Appendix: Python-Only Additions

These functions exist in Python but have no MATLAB equivalent:

Function Why
list_all_datasets() Auto-paginator convenience
list_all_documents() Auto-paginator convenience
ndi_query_all() Auto-paginator convenience
undelete_dataset() Soft-delete API (new backend feature)
list_deleted_datasets() Soft-delete API
list_deleted_documents() Soft-delete API
put_file_bytes() Upload raw bytes (no file on disk)
get_bulk_upload_url() (files) Bulk file upload URL
bulk_upload() (documents) Low-level ZIP document upload
sync.sync() Dispatch by SyncMode enum
download_full_dataset() All-in-one dataset + files download
fetch_cloud_file() On-demand binary file download via ndic:// protocol
get_or_create_cloud_client() Auto-auth from env vars for headless on-demand fetch

These should eventually be back-ported to MATLAB for feature parity. The soft-delete functions (undelete_dataset, list_deleted_*) will need MATLAB equivalents once the backend branch is merged. Note: fetch_cloud_file has a MATLAB equivalent (the customFileHandler callback in didsqlite.m), but the Python implementation is a standalone function rather than a callback, since DID-python lacks callback support.

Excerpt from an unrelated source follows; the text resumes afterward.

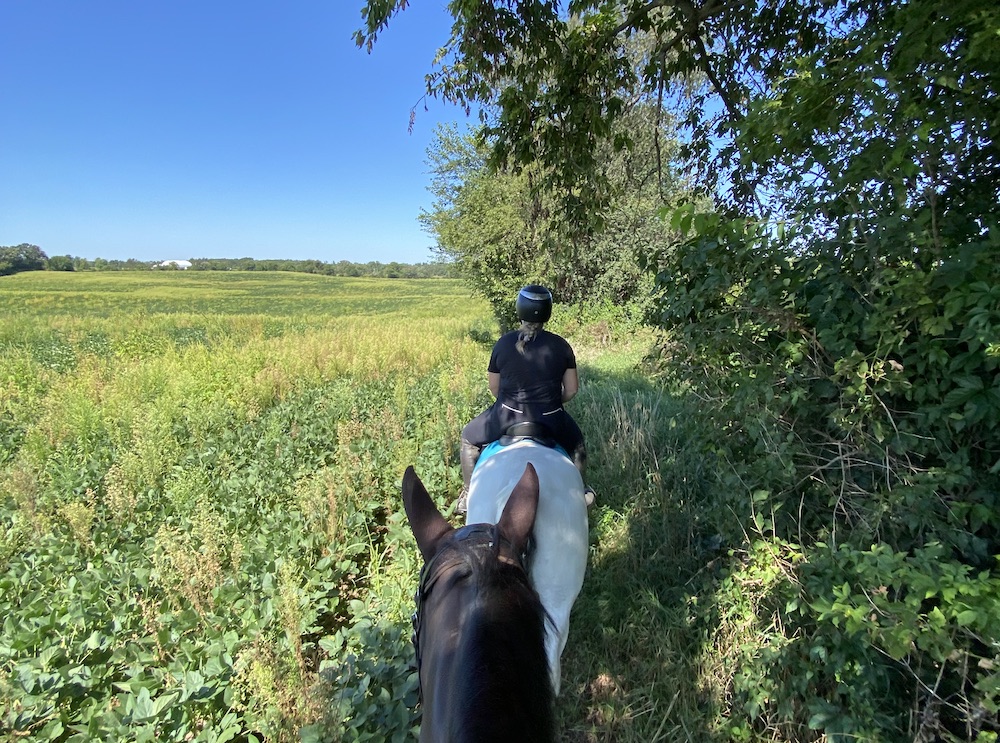 Bay horse between the ears shot with white horse in the lead on a trail ride through a field. The bay is using natural fly spray for horses.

Appendix: Packaging & Dependencies

pyproject.toml

Dependency Type Status
did (DID-python) Core Git URL dep in pyproject.toml; installed normally via pip
numpy>=1.20.0 Core OK
networkx>=2.6 Core OK
jsonschema>=4.0.0 Core OK
requests>=2.28.0 Core OK
openMINDS>=0.2.0 Optional ([openminds]) Added 2026-02-22
pandas>=1.5.0 Optional ([pandas]) OK
scipy>=1.9.0 Optional ([scipy]) OK
matplotlib>=3.5.0 Optional ([tutorials]) OK
opencv-python-headless>=4.5.0 Optional ([tutorials]) OK

Note: vhlab-toolbox-python is also required at runtime but is not in pyproject.tomlndi_install.py clones it and configures a .pth file. DID-python's packaging bug (PR #16) was fixed upstream in Feb 2026, so it now installs correctly via pip from the git URL in pyproject.toml. vhlab-toolbox-python should eventually be published to PyPI for a clean pip install ndi.

Backend (ndi-cloud-node)

No changes required. The Python client is fully compatible with the current backend API. Key operational note: the AWS Lambda 30-second timeout causes HTTP 504 on large publish/unpublish operations. The Python client mitigates this with _retry_on_server_error() (2 retries with exponential backoff).